**Problem to work on**
Print, word for word, only the lines from the one with "Deurvastzetter - Deurhouder" down to the last line of the listing below; no pictures.

**Working data**
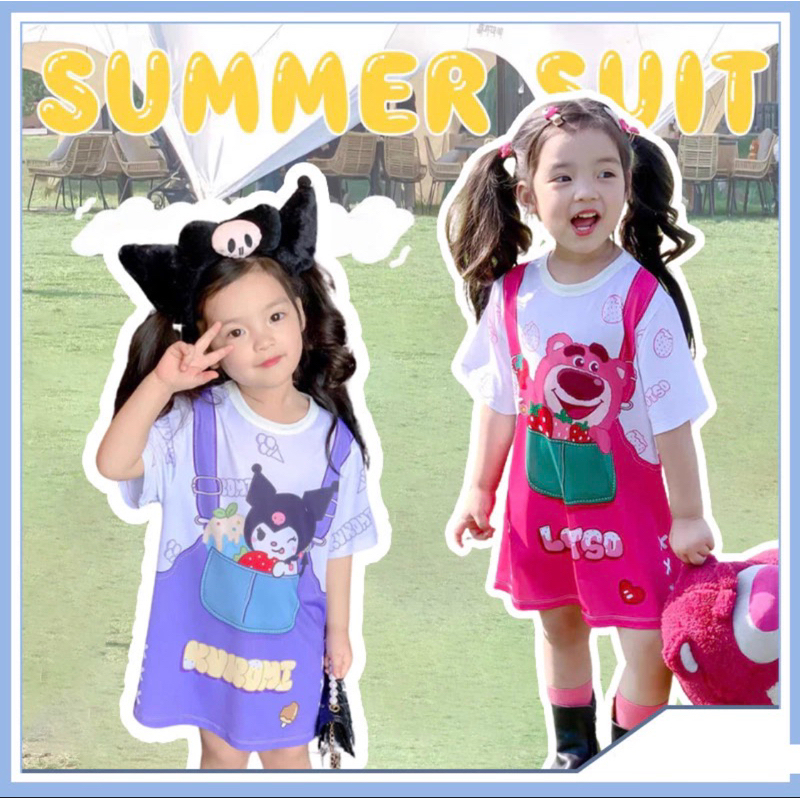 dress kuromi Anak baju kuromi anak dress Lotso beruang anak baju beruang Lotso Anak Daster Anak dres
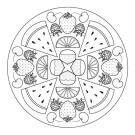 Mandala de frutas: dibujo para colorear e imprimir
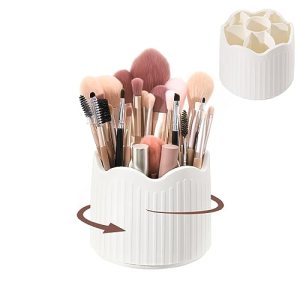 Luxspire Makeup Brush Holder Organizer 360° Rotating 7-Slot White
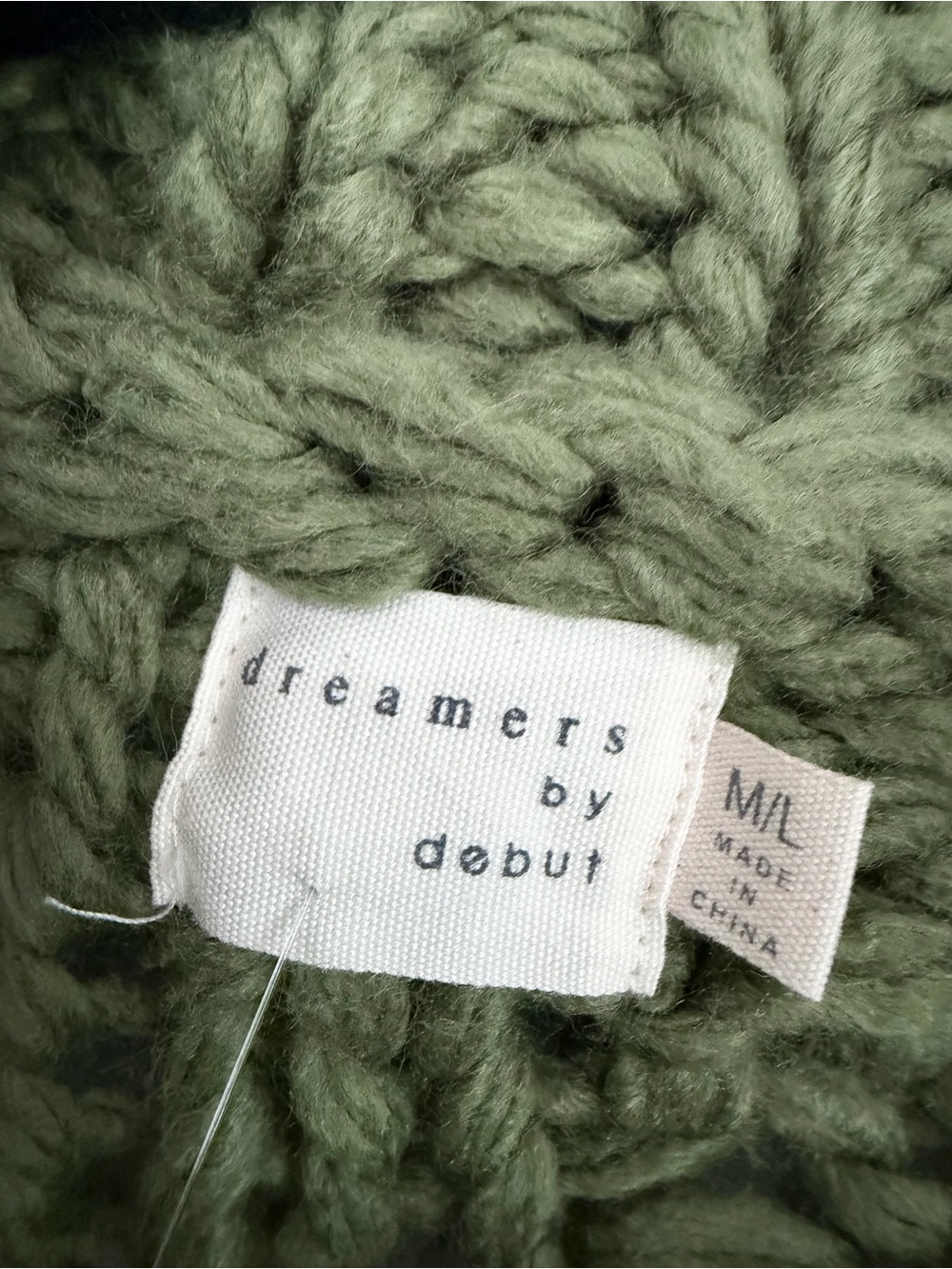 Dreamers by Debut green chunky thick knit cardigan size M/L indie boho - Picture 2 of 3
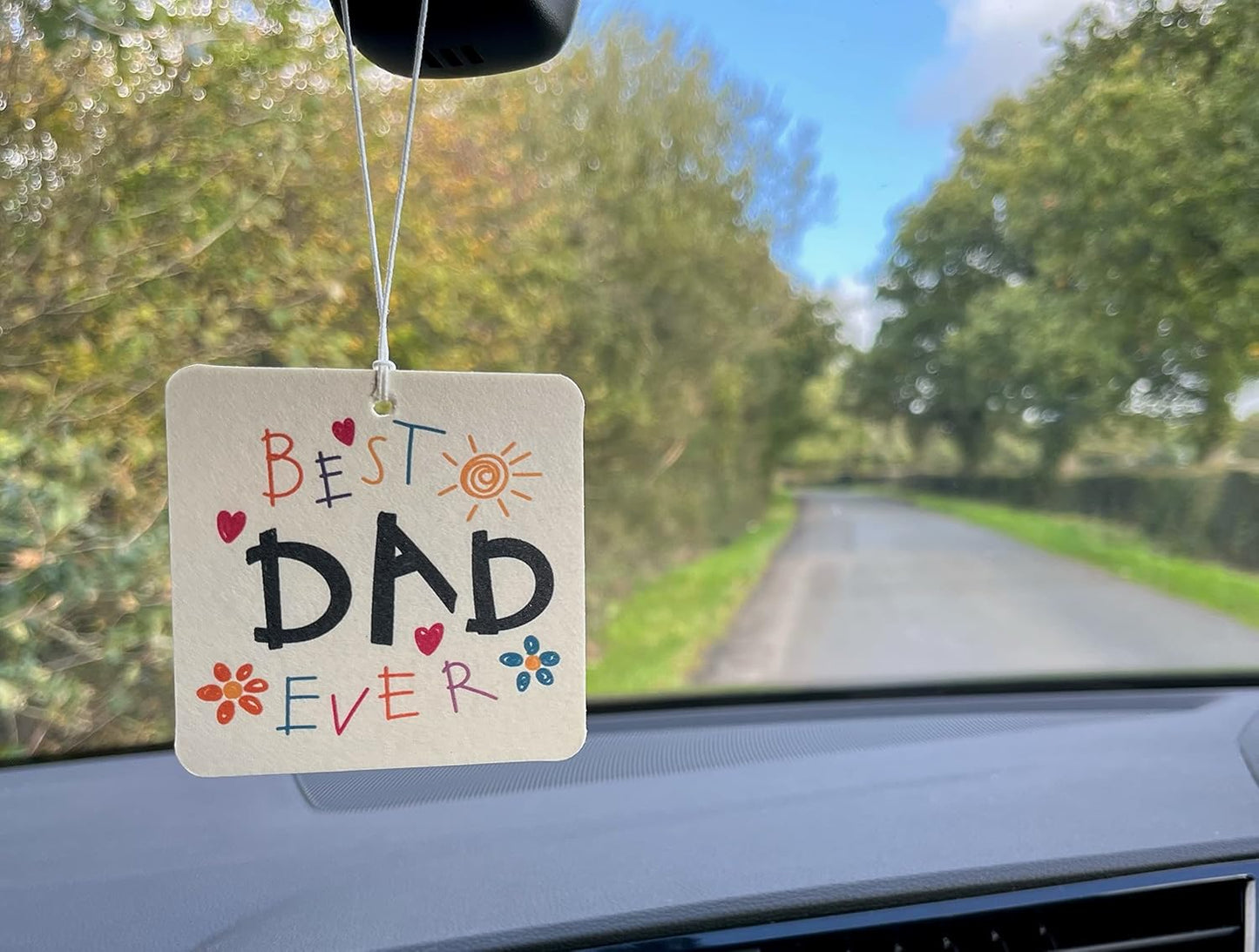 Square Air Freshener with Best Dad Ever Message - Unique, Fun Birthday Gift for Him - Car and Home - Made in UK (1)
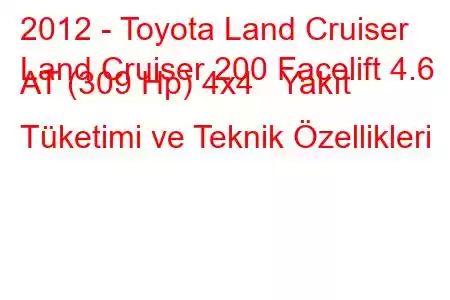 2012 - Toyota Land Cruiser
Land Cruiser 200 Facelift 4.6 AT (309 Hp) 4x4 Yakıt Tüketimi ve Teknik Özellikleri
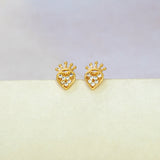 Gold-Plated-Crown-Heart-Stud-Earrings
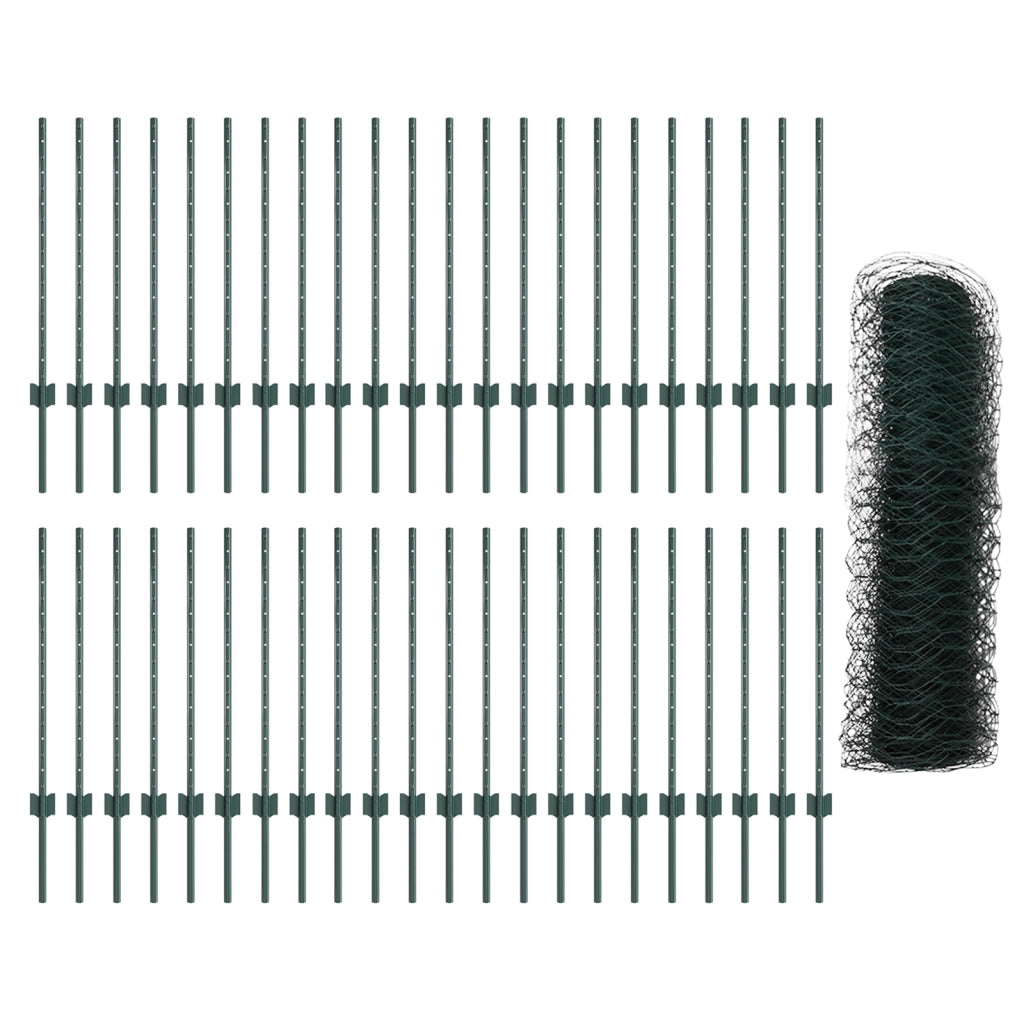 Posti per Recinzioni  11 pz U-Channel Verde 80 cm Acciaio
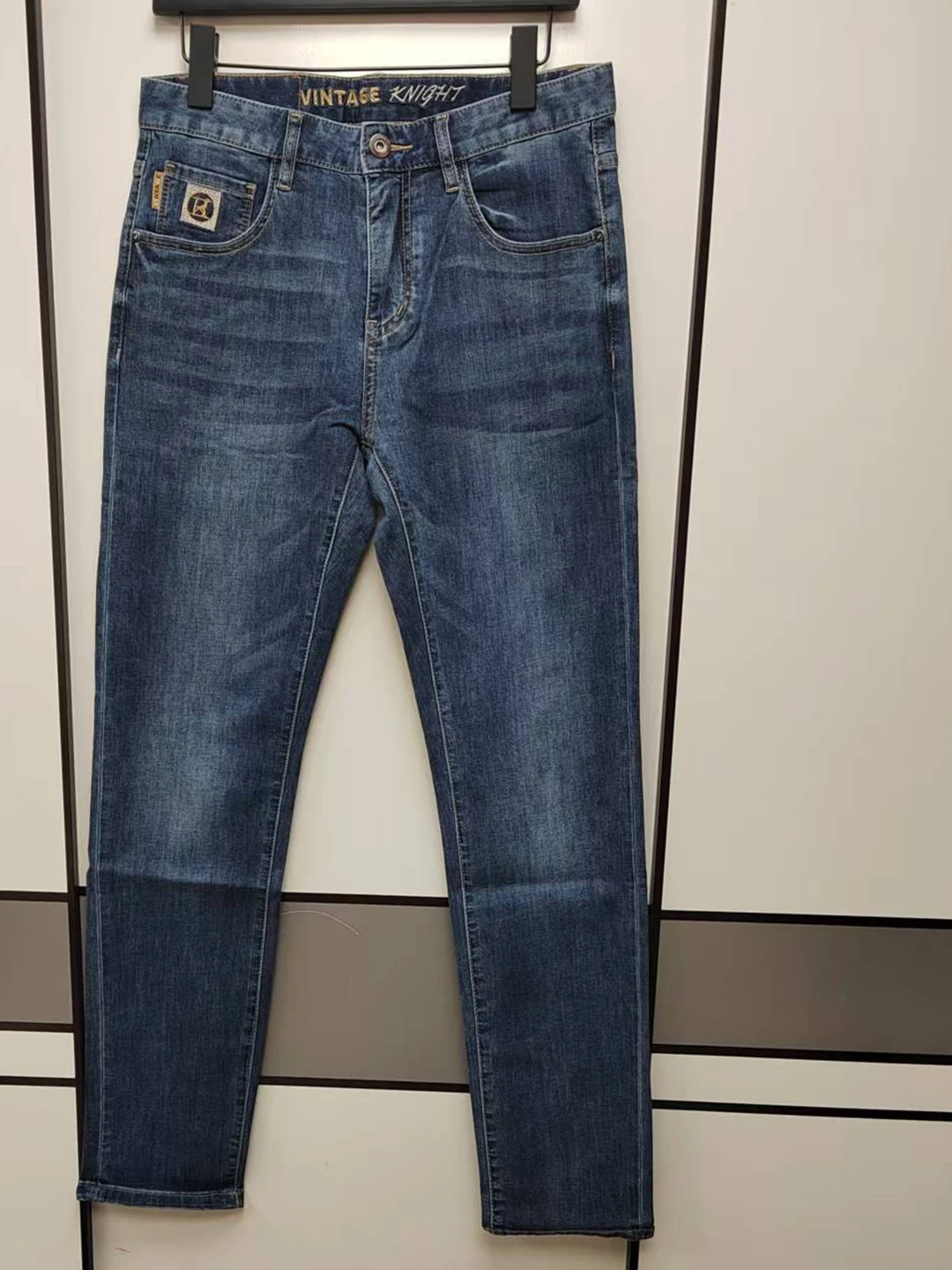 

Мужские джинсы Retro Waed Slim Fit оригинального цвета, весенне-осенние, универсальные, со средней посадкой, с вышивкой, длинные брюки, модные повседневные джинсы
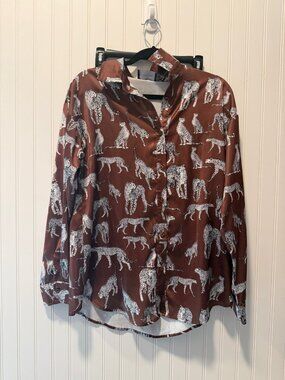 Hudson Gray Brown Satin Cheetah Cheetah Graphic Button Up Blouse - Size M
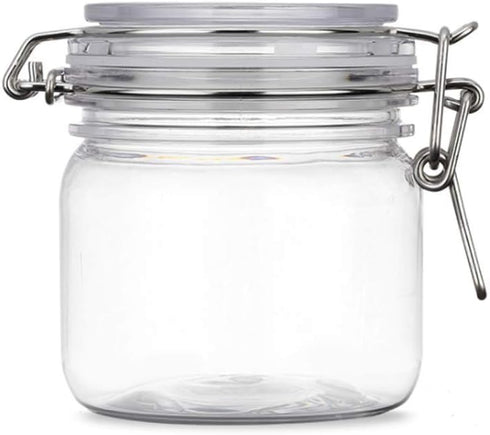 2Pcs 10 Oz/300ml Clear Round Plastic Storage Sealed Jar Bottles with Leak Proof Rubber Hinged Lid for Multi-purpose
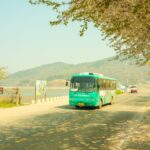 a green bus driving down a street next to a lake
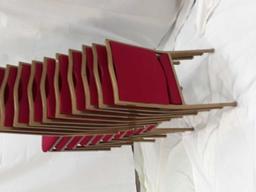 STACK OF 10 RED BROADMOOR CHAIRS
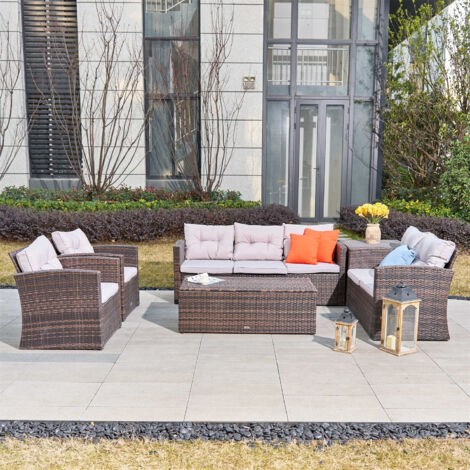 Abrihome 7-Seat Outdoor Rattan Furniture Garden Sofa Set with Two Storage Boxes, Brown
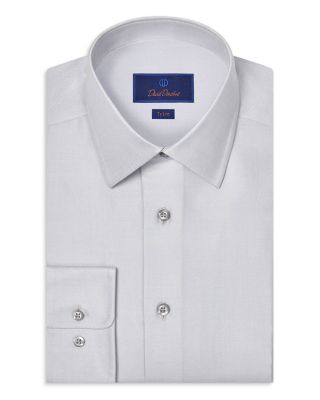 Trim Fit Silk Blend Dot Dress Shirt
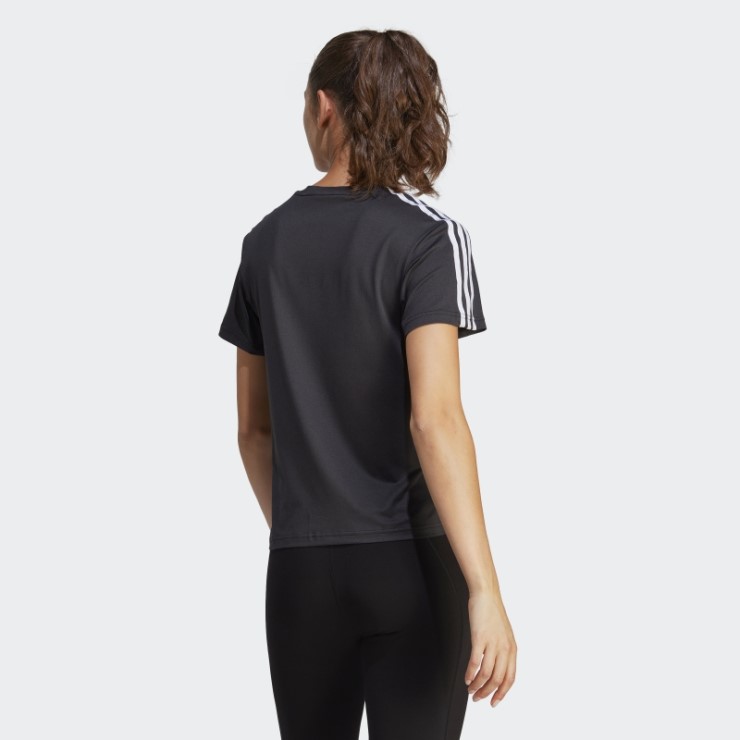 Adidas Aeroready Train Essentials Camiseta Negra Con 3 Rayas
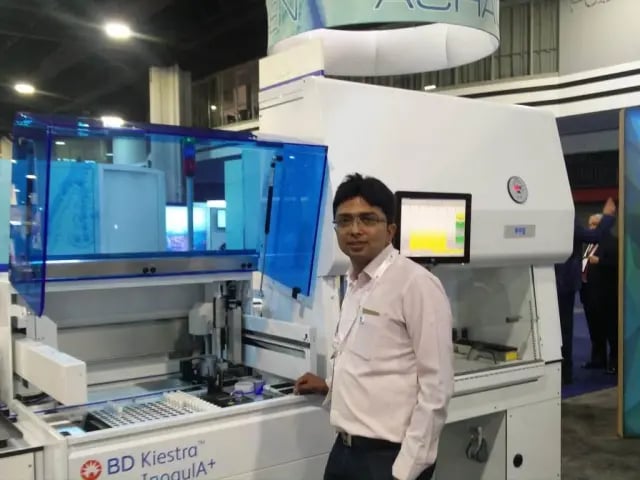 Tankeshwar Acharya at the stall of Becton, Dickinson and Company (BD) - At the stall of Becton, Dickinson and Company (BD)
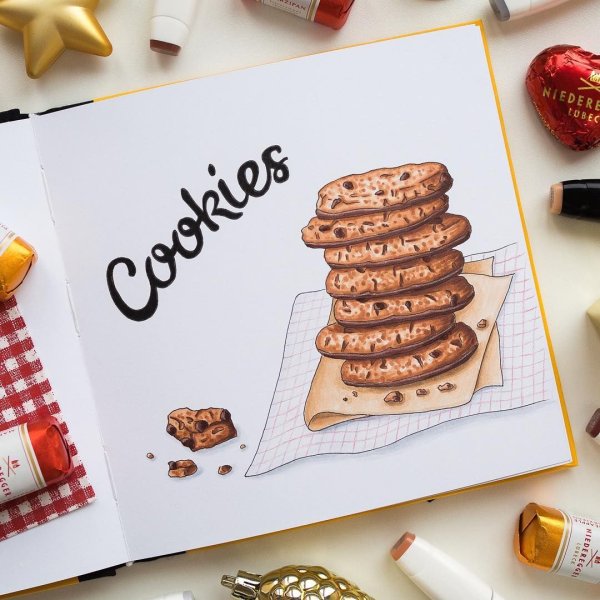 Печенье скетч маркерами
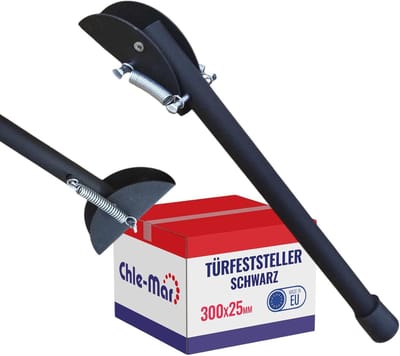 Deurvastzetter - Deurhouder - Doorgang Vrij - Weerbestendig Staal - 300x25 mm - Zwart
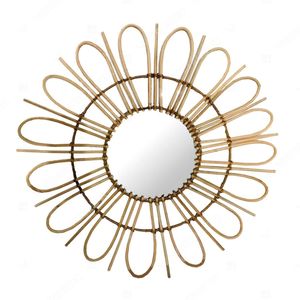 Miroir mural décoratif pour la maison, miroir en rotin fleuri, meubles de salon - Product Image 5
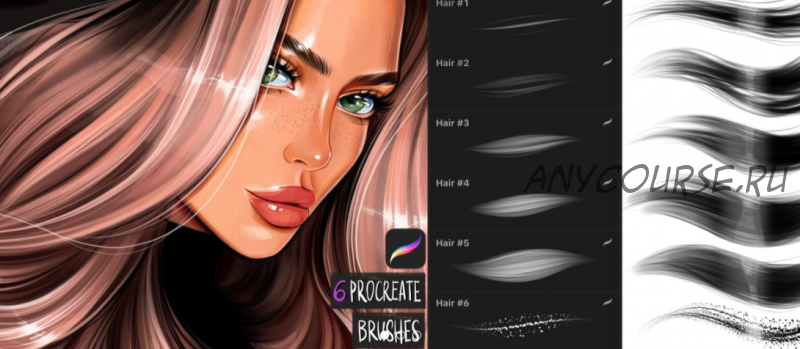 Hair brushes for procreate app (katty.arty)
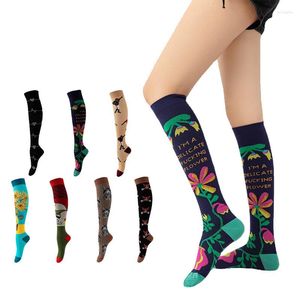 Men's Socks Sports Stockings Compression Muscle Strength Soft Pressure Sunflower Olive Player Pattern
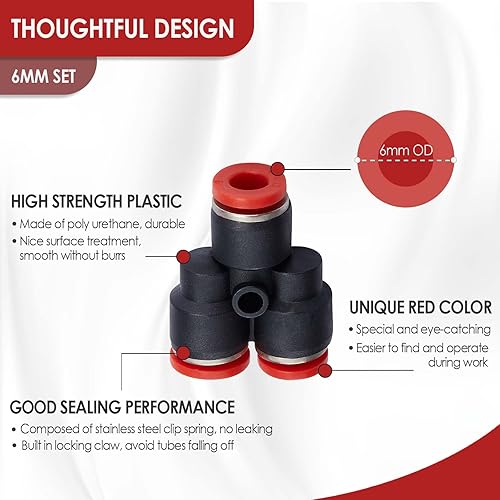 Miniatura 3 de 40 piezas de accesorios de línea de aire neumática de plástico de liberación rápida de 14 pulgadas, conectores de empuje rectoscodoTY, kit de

**Written solution**
 Deurvastzetter - Deurhouder - Doorgang Vrij - Weerbestendig Staal - 300x25 mm - Zwart
 Miroir mural décoratif pour la maison, miroir en rotin fleuri, meubles de salon - Product Image 5
 Hair brushes for procreate app (katty.arty)
 Men's Socks Sports Stockings Compression Muscle Strength Soft Pressure Sunflower Olive Player Pattern
 Miniatura 3 de 40 piezas de accesorios de línea de aire neumática de plástico de liberación rápida de 14 pulgadas, conectores de empuje rectoscodoTY, kit de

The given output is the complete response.